## What the task asks:
Retype the data that follows with no alterations, please.

## Source data:
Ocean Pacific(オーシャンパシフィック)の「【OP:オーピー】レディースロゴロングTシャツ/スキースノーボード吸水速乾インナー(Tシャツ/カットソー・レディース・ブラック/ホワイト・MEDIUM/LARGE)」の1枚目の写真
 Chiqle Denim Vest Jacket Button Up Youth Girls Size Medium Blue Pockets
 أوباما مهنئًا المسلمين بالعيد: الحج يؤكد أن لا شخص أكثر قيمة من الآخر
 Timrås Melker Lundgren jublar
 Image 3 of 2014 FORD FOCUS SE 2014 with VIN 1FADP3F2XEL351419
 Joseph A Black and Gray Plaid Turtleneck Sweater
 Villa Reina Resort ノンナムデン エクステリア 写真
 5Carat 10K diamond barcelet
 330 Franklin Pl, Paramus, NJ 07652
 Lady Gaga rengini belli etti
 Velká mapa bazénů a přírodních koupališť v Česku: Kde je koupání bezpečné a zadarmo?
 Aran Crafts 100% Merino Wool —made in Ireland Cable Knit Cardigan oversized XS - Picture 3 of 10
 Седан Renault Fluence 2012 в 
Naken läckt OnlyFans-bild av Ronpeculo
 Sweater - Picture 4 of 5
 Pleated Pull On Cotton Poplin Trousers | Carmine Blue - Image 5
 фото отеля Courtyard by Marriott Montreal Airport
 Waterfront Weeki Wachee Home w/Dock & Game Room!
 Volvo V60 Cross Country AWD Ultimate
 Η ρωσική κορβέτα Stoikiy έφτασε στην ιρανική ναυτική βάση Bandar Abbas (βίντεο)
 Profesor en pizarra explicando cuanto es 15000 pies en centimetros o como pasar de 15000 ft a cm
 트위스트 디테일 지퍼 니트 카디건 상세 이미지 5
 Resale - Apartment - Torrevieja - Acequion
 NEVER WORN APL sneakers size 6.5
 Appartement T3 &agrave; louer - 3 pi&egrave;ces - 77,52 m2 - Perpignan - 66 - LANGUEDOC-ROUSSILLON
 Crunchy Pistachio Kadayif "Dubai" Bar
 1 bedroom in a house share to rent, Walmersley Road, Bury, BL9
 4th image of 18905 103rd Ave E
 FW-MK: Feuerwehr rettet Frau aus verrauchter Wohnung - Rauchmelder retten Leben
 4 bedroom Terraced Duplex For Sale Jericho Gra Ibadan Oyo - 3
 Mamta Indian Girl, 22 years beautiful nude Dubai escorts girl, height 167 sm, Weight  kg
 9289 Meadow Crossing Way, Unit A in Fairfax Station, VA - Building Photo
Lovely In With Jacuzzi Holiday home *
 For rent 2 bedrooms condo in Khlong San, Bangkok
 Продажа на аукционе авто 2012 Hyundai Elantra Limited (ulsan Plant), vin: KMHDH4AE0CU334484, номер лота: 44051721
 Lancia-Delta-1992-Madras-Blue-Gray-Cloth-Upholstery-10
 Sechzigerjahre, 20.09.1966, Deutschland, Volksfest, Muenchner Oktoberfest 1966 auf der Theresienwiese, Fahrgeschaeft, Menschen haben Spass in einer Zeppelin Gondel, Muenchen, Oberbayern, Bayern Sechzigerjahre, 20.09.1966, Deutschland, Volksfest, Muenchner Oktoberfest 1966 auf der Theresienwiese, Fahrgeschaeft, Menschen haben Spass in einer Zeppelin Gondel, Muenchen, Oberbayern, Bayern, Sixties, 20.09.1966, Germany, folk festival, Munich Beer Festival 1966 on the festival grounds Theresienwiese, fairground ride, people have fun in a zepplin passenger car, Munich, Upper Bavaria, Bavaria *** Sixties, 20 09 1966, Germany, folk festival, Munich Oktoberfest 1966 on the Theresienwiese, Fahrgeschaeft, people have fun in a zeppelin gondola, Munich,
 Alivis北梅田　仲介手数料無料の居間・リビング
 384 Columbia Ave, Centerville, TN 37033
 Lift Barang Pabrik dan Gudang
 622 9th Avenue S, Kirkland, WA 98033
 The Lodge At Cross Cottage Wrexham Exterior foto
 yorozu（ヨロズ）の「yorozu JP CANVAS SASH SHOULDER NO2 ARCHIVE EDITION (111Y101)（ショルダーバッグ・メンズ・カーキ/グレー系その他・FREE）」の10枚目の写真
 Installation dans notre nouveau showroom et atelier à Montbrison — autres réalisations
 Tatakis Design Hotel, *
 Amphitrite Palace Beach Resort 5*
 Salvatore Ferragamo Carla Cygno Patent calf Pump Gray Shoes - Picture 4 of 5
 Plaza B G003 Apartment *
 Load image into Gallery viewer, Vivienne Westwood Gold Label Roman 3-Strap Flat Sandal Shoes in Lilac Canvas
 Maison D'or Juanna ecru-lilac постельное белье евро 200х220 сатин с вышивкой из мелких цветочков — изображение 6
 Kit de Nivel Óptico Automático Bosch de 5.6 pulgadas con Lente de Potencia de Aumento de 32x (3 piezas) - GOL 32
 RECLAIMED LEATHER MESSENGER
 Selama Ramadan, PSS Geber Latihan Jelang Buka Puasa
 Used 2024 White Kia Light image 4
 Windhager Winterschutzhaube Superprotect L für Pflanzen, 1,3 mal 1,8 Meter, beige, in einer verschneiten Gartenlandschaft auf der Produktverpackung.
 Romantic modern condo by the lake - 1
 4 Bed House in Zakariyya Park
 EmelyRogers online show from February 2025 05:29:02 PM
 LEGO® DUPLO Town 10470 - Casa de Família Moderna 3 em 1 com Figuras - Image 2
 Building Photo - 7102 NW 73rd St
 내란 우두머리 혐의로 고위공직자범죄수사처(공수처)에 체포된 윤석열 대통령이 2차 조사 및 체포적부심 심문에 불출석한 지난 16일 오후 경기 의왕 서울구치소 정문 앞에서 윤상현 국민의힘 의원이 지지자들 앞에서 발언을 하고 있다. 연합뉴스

## Solution below:
Ocean Pacific(オーシャンパシフィック)の「【OP:オーピー】レディースロゴロングTシャツ/スキースノーボード吸水速乾インナー(Tシャツ/カットソー・レディース・ブラック/ホワイト・MEDIUM/LARGE)」の1枚目の写真
 Chiqle Denim Vest Jacket Button Up Youth Girls Size Medium Blue Pockets
 أوباما مهنئًا المسلمين بالعيد: الحج يؤكد أن لا شخص أكثر قيمة من الآخر
 Timrås Melker Lundgren jublar
 Image 3 of 2014 FORD FOCUS SE 2014 with VIN 1FADP3F2XEL351419
 Joseph A Black and Gray Plaid Turtleneck Sweater
 Villa Reina Resort ノンナムデン エクステリア 写真
 5Carat 10K diamond barcelet
 330 Franklin Pl, Paramus, NJ 07652
 Lady Gaga rengini belli etti
 Velká mapa bazénů a přírodních koupališť v Česku: Kde je koupání bezpečné a zadarmo?
 Aran Crafts 100% Merino Wool —made in Ireland Cable Knit Cardigan oversized XS - Picture 3 of 10
 Седан Renault Fluence 2012 в 
Naken läckt OnlyFans-bild av Ronpeculo
 Sweater - Picture 4 of 5
 Pleated Pull On Cotton Poplin Trousers | Carmine Blue - Image 5
 фото отеля Courtyard by Marriott Montreal Airport
 Waterfront Weeki Wachee Home w/Dock & Game Room!
 Volvo V60 Cross Country AWD Ultimate
 Η ρωσική κορβέτα Stoikiy έφτασε στην ιρανική ναυτική βάση Bandar Abbas (βίντεο)
 Profesor en pizarra explicando cuanto es 15000 pies en centimetros o como pasar de 15000 ft a cm
 트위스트 디테일 지퍼 니트 카디건 상세 이미지 5
 Resale - Apartment - Torrevieja - Acequion
 NEVER WORN APL sneakers size 6.5
 Appartement T3 &agrave; louer - 3 pi&egrave;ces - 77,52 m2 - Perpignan - 66 - LANGUEDOC-ROUSSILLON
 Crunchy Pistachio Kadayif "Dubai" Bar
 1 bedroom in a house share to rent, Walmersley Road, Bury, BL9
 4th image of 18905 103rd Ave E
 FW-MK: Feuerwehr rettet Frau aus verrauchter Wohnung - Rauchmelder retten Leben
 4 bedroom Terraced Duplex For Sale Jericho Gra Ibadan Oyo - 3
 Mamta Indian Girl, 22 years beautiful nude Dubai escorts girl, height 167 sm, Weight  kg
 9289 Meadow Crossing Way, Unit A in Fairfax Station, VA - Building Photo
Lovely In With Jacuzzi Holiday home *
 For rent 2 bedrooms condo in Khlong San, Bangkok
 Продажа на аукционе авто 2012 Hyundai Elantra Limited (ulsan Plant), vin: KMHDH4AE0CU334484, номер лота: 44051721
 Lancia-Delta-1992-Madras-Blue-Gray-Cloth-Upholstery-10
 Sechzigerjahre, 20.09.1966, Deutschland, Volksfest, Muenchner Oktoberfest 1966 auf der Theresienwiese, Fahrgeschaeft, Menschen haben Spass in einer Zeppelin Gondel, Muenchen, Oberbayern, Bayern Sechzigerjahre, 20.09.1966, Deutschland, Volksfest, Muenchner Oktoberfest 1966 auf der Theresienwiese, Fahrgeschaeft, Menschen haben Spass in einer Zeppelin Gondel, Muenchen, Oberbayern, Bayern, Sixties, 20.09.1966, Germany, folk festival, Munich Beer Festival 1966 on the festival grounds Theresienwiese, fairground ride, people have fun in a zepplin passenger car, Munich, Upper Bavaria, Bavaria *** Sixties, 20 09 1966, Germany, folk festival, Munich Oktoberfest 1966 on the Theresienwiese, Fahrgeschaeft, people have fun in a zeppelin gondola, Munich,
 Alivis北梅田　仲介手数料無料の居間・リビング
 384 Columbia Ave, Centerville, TN 37033
 Lift Barang Pabrik dan Gudang
 622 9th Avenue S, Kirkland, WA 98033
 The Lodge At Cross Cottage Wrexham Exterior foto
 yorozu（ヨロズ）の「yorozu JP CANVAS SASH SHOULDER NO2 ARCHIVE EDITION (111Y101)（ショルダーバッグ・メンズ・カーキ/グレー系その他・FREE）」の10枚目の写真
 Installation dans notre nouveau showroom et atelier à Montbrison — autres réalisations
 Tatakis Design Hotel, *
 Amphitrite Palace Beach Resort 5*
 Salvatore Ferragamo Carla Cygno Patent calf Pump Gray Shoes - Picture 4 of 5
 Plaza B G003 Apartment *
 Load image into Gallery viewer, Vivienne Westwood Gold Label Roman 3-Strap Flat Sandal Shoes in Lilac Canvas
 Maison D'or Juanna ecru-lilac постельное белье евро 200х220 сатин с вышивкой из мелких цветочков — изображение 6
 Kit de Nivel Óptico Automático Bosch de 5.6 pulgadas con Lente de Potencia de Aumento de 32x (3 piezas) - GOL 32
 RECLAIMED LEATHER MESSENGER
 Selama Ramadan, PSS Geber Latihan Jelang Buka Puasa
 Used 2024 White Kia Light image 4
 Windhager Winterschutzhaube Superprotect L für Pflanzen, 1,3 mal 1,8 Meter, beige, in einer verschneiten Gartenlandschaft auf der Produktverpackung.
 Romantic modern condo by the lake - 1
 4 Bed House in Zakariyya Park
 EmelyRogers online show from February 2025 05:29:02 PM
 LEGO® DUPLO Town 10470 - Casa de Família Moderna 3 em 1 com Figuras - Image 2
 Building Photo - 7102 NW 73rd St
 내란 우두머리 혐의로 고위공직자범죄수사처(공수처)에 체포된 윤석열 대통령이 2차 조사 및 체포적부심 심문에 불출석한 지난 16일 오후 경기 의왕 서울구치소 정문 앞에서 윤상현 국민의힘 의원이 지지자들 앞에서 발언을 하고 있다. 연합뉴스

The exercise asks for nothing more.